Despite his memory loss, Tan, as played by Mario, comes across as a young man full of hope for a more positive life but instead finds himself plunged into an ambience of fear.
“What would you do if you were forced to confront fear every day? You were hoping to be immersed in a happy family life but what if it isn’t as perfect as you expected, what will you do? Deny it and pretend that it is as you wish or accept it? Tan is representative of most of us,” says the director.

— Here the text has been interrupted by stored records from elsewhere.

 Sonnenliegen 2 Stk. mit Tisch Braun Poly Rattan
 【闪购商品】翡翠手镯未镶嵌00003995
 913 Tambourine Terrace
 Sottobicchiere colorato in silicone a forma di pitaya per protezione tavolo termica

To overcome his problems with understanding his character, Mario worked closely with dramatist ML Bandevanop “Mom Noi” Devakul” – a consultant to the project – as well as with Kongkiat himself.
And now “Take Me Home” is done and dusted, the director is turning his attention back to “Khun Phan”, a highly anticipated historical action drama set decades ago in the South of Thailand. Ananda Everingham plays a police officer Khun Phan trying to take down a thief (Krissada Sukosol Clapp) but with no support from central government, must use his wit and superstitious power to fight.
Kongkiat says he is now working on post-production as Sahamongkol has told him the film is slated for release in July.
“We started work on it three years ago and produced a rough cut. Then it was shelved. I didn’t know why but I understand the way the studio works so there are no hard feelings,” he says.
“However things have changed a great deal over the last two years and I now need to update the ideas and visual effects so we are ready for a July release.”